- EXERCISE DIRECTIONS:
Go to the line that contains "image for item", then write out that line and all that follow to the end of the listing, exactly and without pictures.

- THE DATA:
* * * * * * *
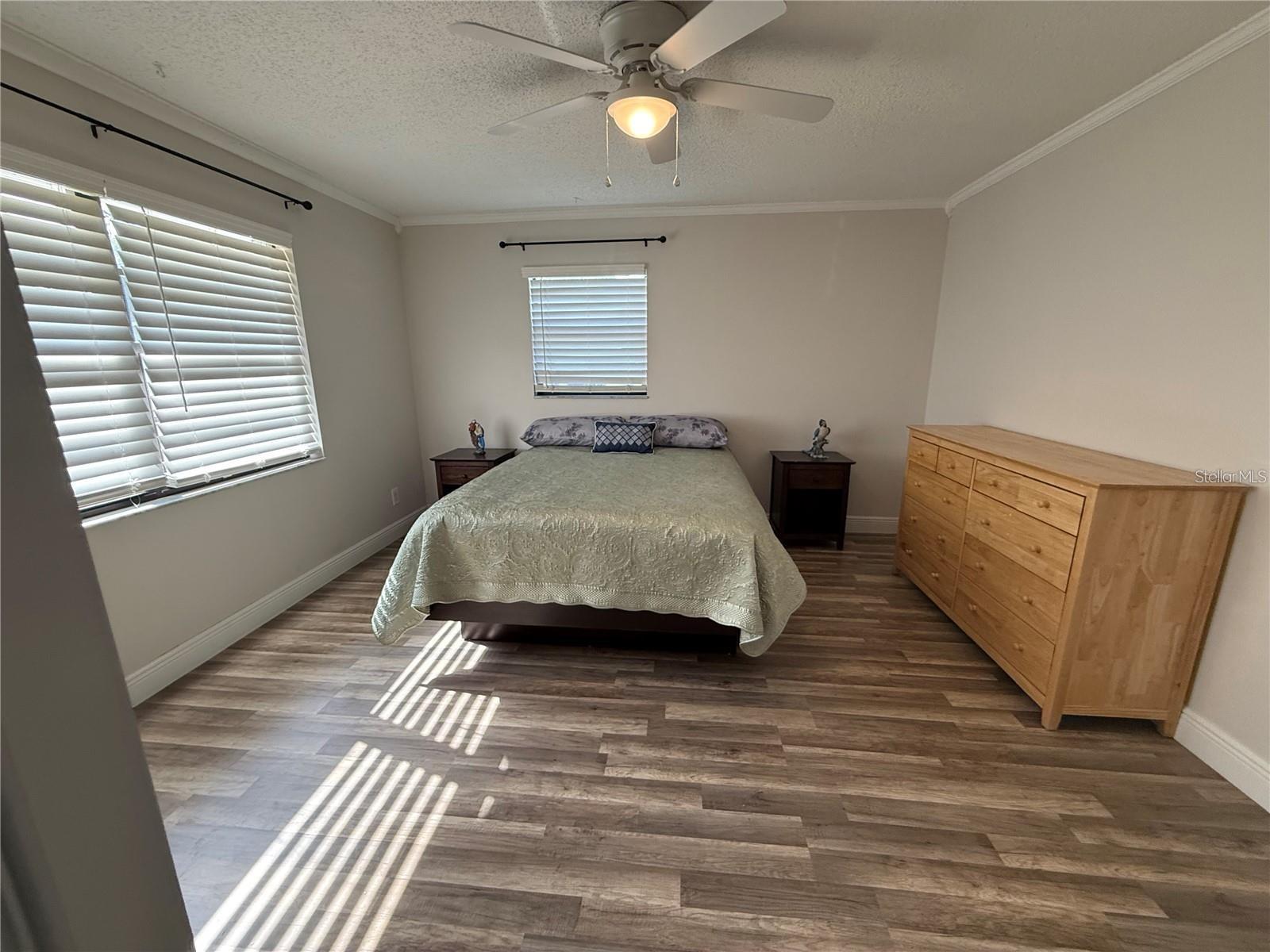 1200 ABBEY CRESCENT LN — photo 24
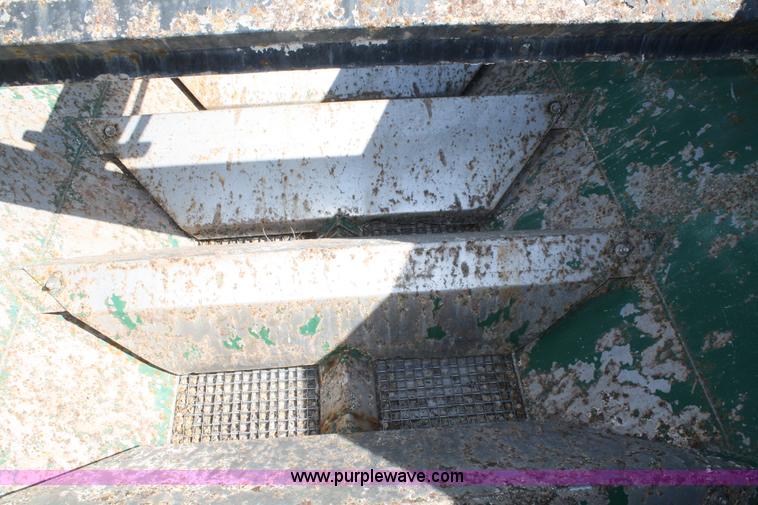 image for item B6524 1996 Ford LN8000 Loral Air Max fertilizer truck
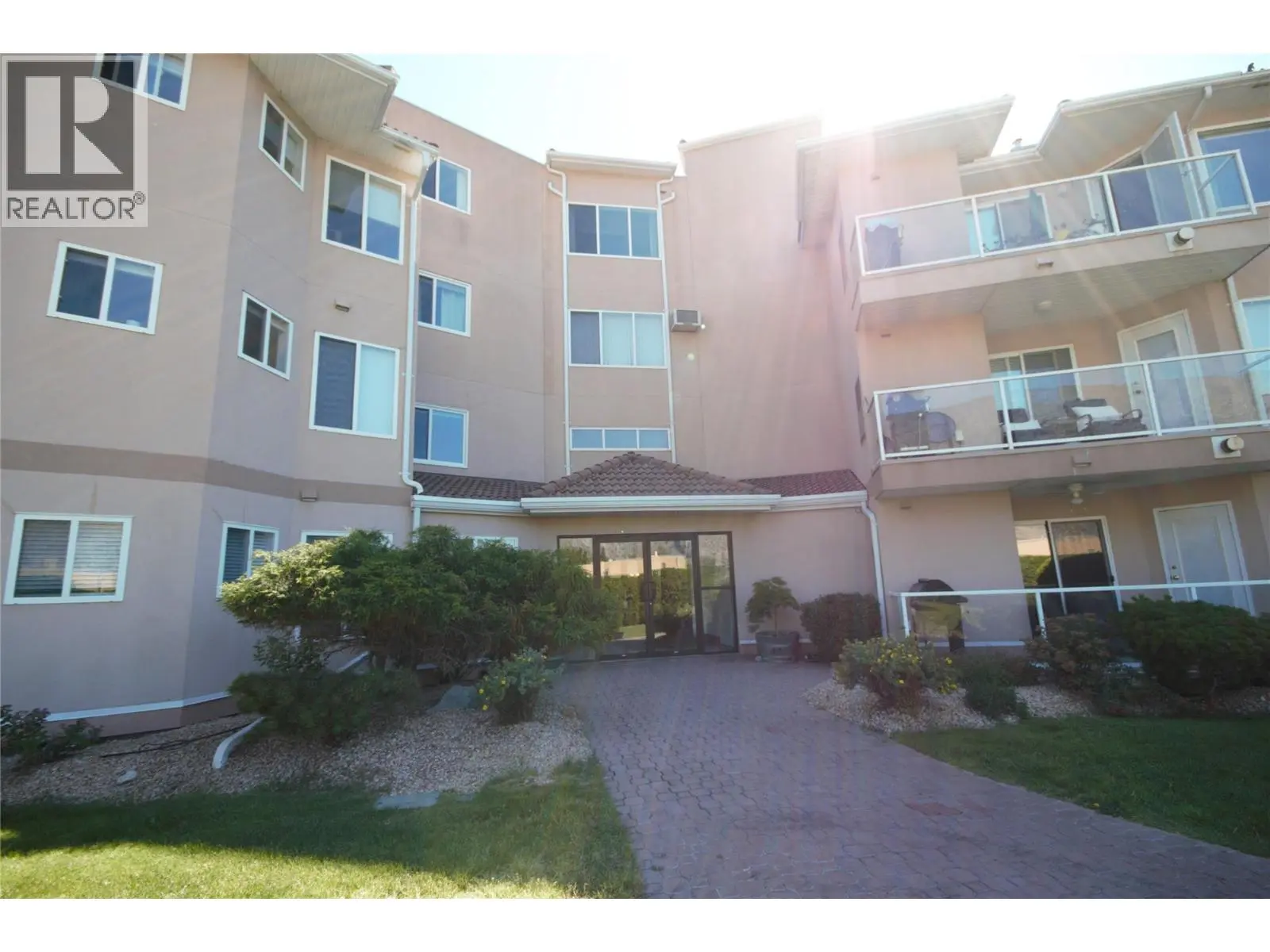 6805 Cottonwood Drive Unit# 100. Osoyoos, British Columbia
* * * * * * *
- RESULT FOR THIS TASK:
 image for item B6524 1996 Ford LN8000 Loral Air Max fertilizer truck
 6805 Cottonwood Drive Unit# 100. Osoyoos, British Columbia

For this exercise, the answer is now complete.